● REQUIRED ACTION
Leaving out all pictures, write down exactly the lines from the one containing "a bedroom with" through the last line of the material.

● DATASET CONTENT
____
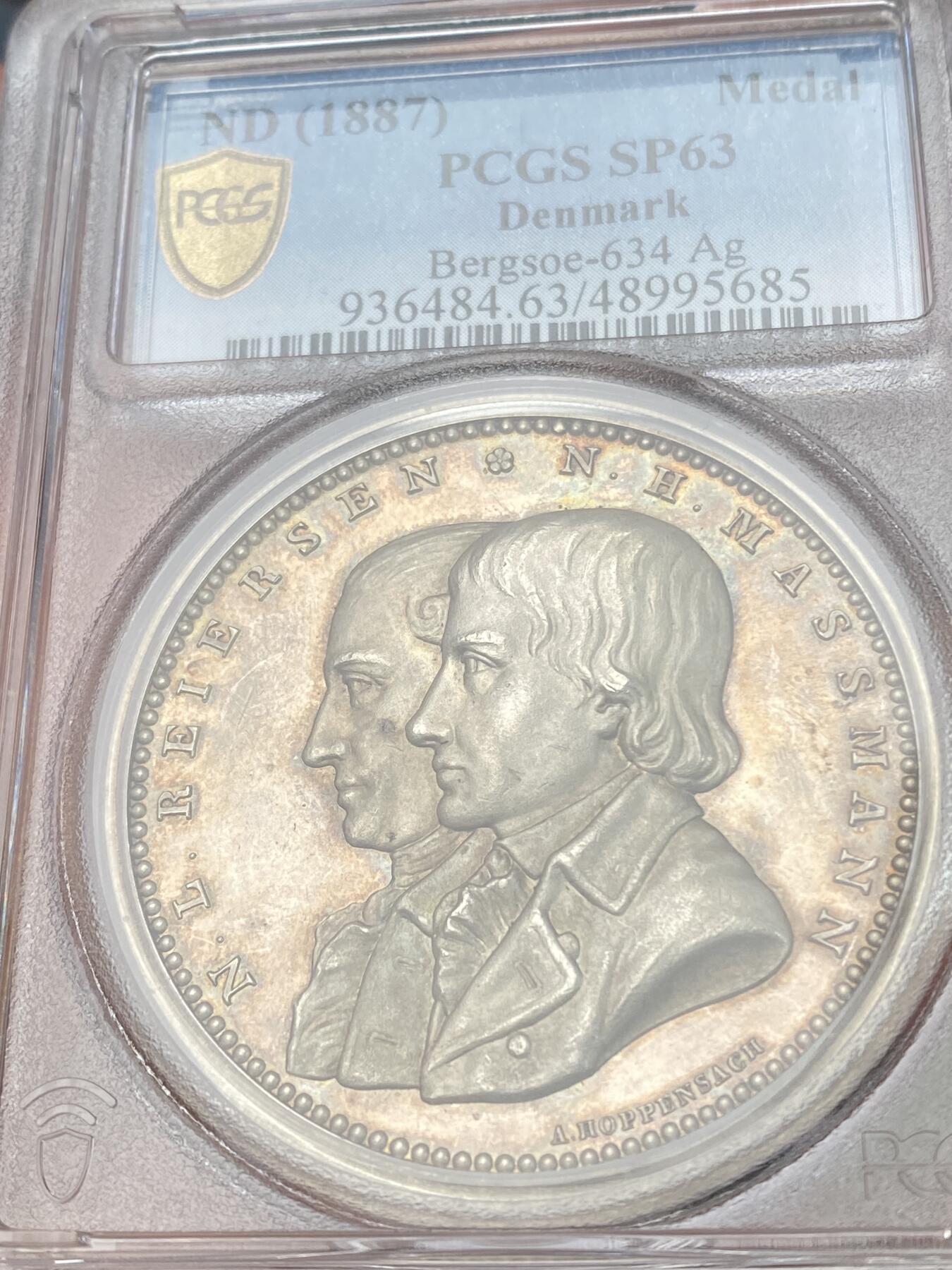 万国钱币拍卖第028期（花前月下●同享良章美币） PCGS SP63 唯一记录1887年丹麦汉斯-马斯曼主日学校银质大奖章，加厚评级盒！超厚重的北欧大银章，背面勤学的小天使图案非常可爱 。42MM 44G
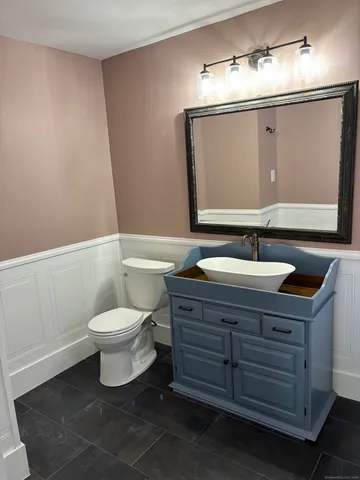 a bathroom with a sink a toilet and mirror
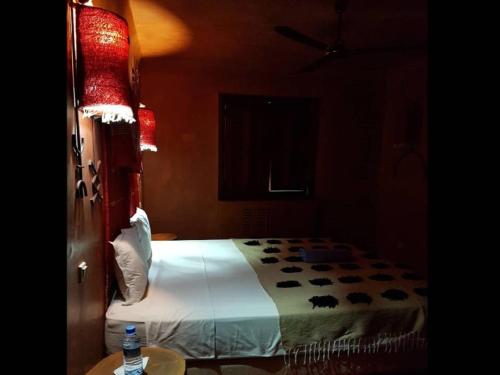 a bedroom with a bed in a room at Terres d'Amanar in Tahannout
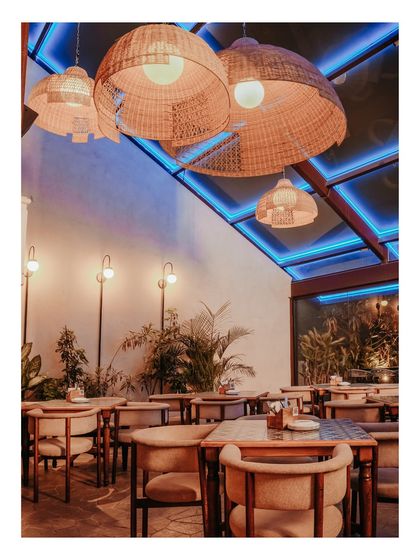 As evening approaches, the same space transforms. The skylight is illuminated with blue neon lights, creating a vibrant and energetic mood that contrasts beautifully with the warm glow of the rattan pendants.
____
● RESULT
 a bedroom with a bed in a room at Terres d'Amanar in Tahannout
 As evening approaches, the same space transforms. The skylight is illuminated with blue neon lights, creating a vibrant and energetic mood that contrasts beautifully with the warm glow of the rattan pendants.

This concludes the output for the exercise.